Скифия в это время была почти опустошена, так что на­роды часто терпели голод. Они получали пропитание отчасти благодаря торговле с римлянами, которые привозили им жиз­ненные припасы из соседних провинций, расположенных по Дунаю. Варвары давали в обмен награбленные ими вещи, за­хваченных пленников, золото и серебро, полученные ими как выкуп за мир. Но когда уплачиваемая им дань стала недо­статочной для того, чтобы они могли существовать, они пере­селились в империю.


Западная империя пала первой. Причины этого следу­ющие.


Варвары, перейдя через Дунай, имели по левую сторону Босфор, Константинополь и все военные силы Восточной импе­рии, которые их остановили; вследствие этого они повернули на правую сторону, к Иллирии, и продвинулись к западу. С той стороны переселялись народы подобно морскому от­ливу. Поскольку азиатские проходы охранялись лучше, все обратились к Европе; во время же первого нашествия при Галле силы варваров были раздроблены.


Когда империя была действительно разделена, то восточ­ные императоры, заключившие союзы с варварами, не хотели их нарушить, чтобы помочь западным. Это разделение управ­ления, говорит Приск, оказалось очень вредным для Западной империи. Восточные римляне отказались предоставить свое морское войско западным римлянам, ввиду того что они были в союзе с вандалами. Вестготы, заключив союз с Аркадием, напали на Запад, и Гонорий принужден был бежать в Ра­венну. Напоследок Зенон, чтобы отделаться от Теодориха, убедил его напасть на Италию, разоренную уже Аларихом. Между Аттилой и Гензерихом, царем вандалов, существовал очень тесный союз. Последний боялся готов, он женил своего сына на дочери готского царя, а потом, отрезав ей нос, отослал ее обратно. Опасаясь мщения, он заключил союз с Аттилой. Обе империи, как будто скованные этими двумя государями, не осмеливались помогать друг другу. Особенно печально было положение Западной империи: она не имела морских сил; они все находились на Востоке, в Египте, на Кипре, в Финикии, Ионии и в Греции — единственных странах, которые тогда за­нимались торговлей. Вандалы и другие народы со всех сторон нападали на берега Западной империи. Итальянцы отправили посольство в Константинополь, говорит Приск, чтобы дать знать, что без примирения с вандалами нет никакой надежды на спасение.

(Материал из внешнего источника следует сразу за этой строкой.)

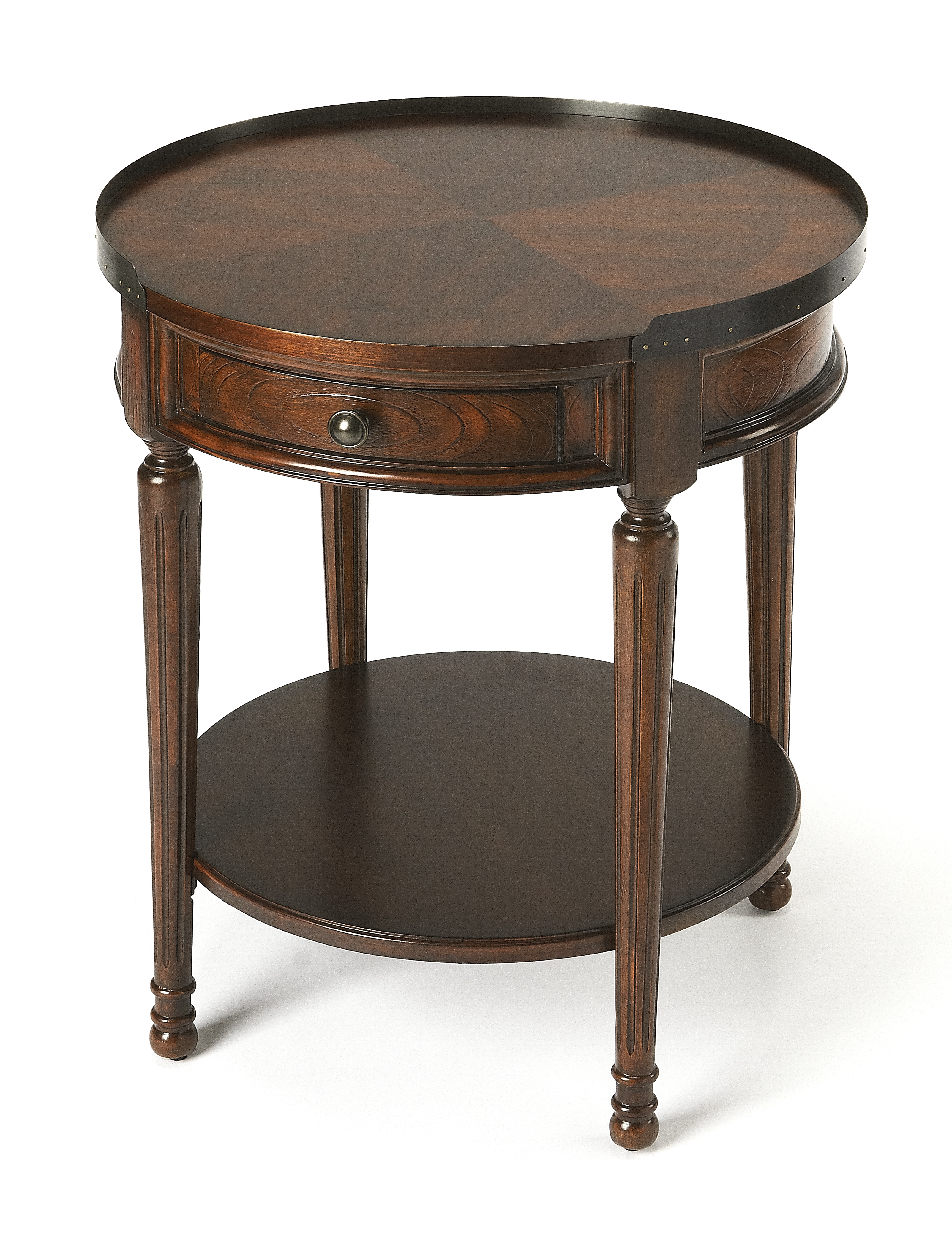 Sampson Cherry Side Table - Image 0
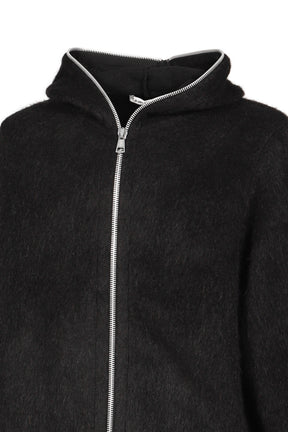 FULL ZIP HOOD / BLK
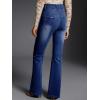 imageEVALESS Womens Flare Bell Bottom Jeans High Waisted Wide Leg Bootcut Jeans Stretchy Denim PantsNavy Blue
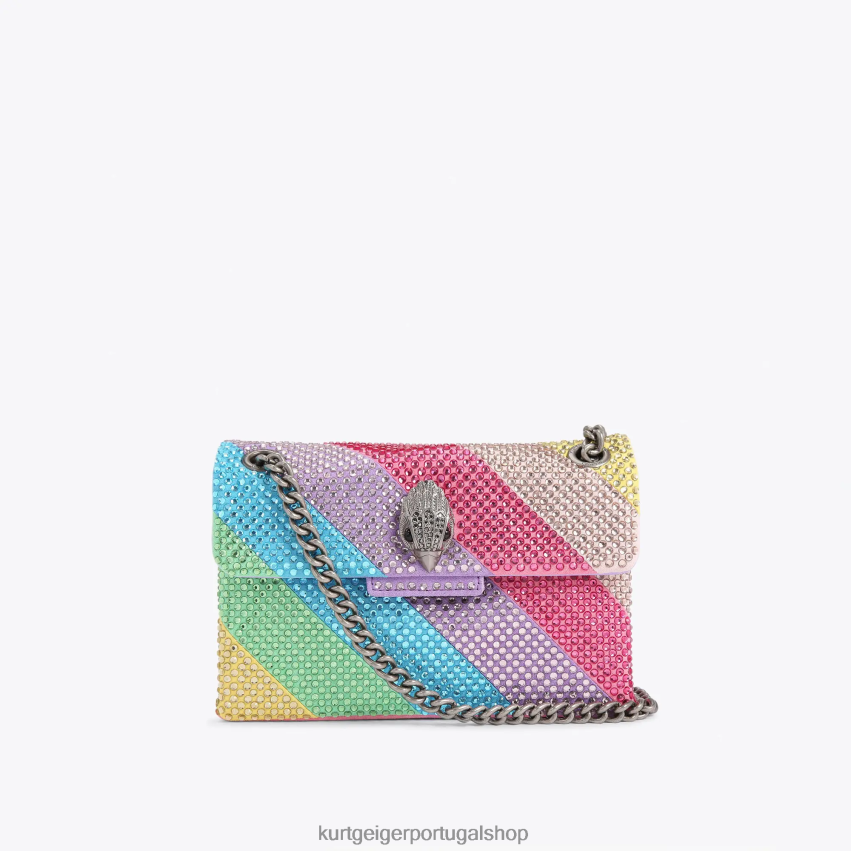 Kurt Geiger mulheres tecido londrino mini kensington 8J6X0012 vários/outros | bolsas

Правители Запада не лишены были политической мудрости. Они считали, что нужно спасти Италию, которая была неко­торым образом головой и сердцем империи. Заставили варва­ров перейти к границам империи, где их разместили. План был хорошо задуман и хорошо выполнен. Эти народы искали только пропитания, им дали равнины, по сохранили для себя горные области, проходы через реки, ущелья, укрепления, расположенные по великим рекам; удержали за собой верхов­ную власть. Казалось, что эти народы принуждены были стать римлянами; легкость, с которой эти разрушители сами были погублены франками, греками и маврами, показывает справед­ливость этой мысли. Вся эта система была опрокинута рево­люцией, имевшей более роковые последствия, чем все осталь­ные. Итальянская армия, состоящая из чужеземцев, потребо­вала для себя того, что было предоставлено чужеземным народностям. Она образовала при Одоакре аристократию, которая захватила треть итальянских земель. То был смер­тельный удар, нанесенный империи. '


Мы с грустным любопытством следим за судьбой Рима среди стольких несчастий. Он, так сказать, остался без за­щиты; он мог быть легко взят измором; большая протяжен­ность его стен была причиной того, что их было очень трудно охранять. Так как он был расположен на равнине, то его легко можно было взять приступом; нельзя было искать по­мощи в народе, так как население очень сильно уменьшилось. Императоры принуждены были жить в Равенне — в городе, который некогда был защищен морем, подобно тому как теперь Венеция.


Римский народ, почти всегда оставлявшийся своими госу­дарями, стал сам управлять собой и заключать договоры в целях своего сохранения. Это наиболее законное средство при­обретения верховной власти. Таким образом Арморика и Бри­тания начали жить по своим собственным законам.


Таков был конец Западной империи. Рим возвысился бла­годаря тому, что он всегда вел одну войну вслед за другой; ибо, к его несказанному счастью, один народ начинал с ним войну тогда, когда другой уже был побежден. Рим был разру­шен потому, что все народы сразу напали на него и растерзали его на части.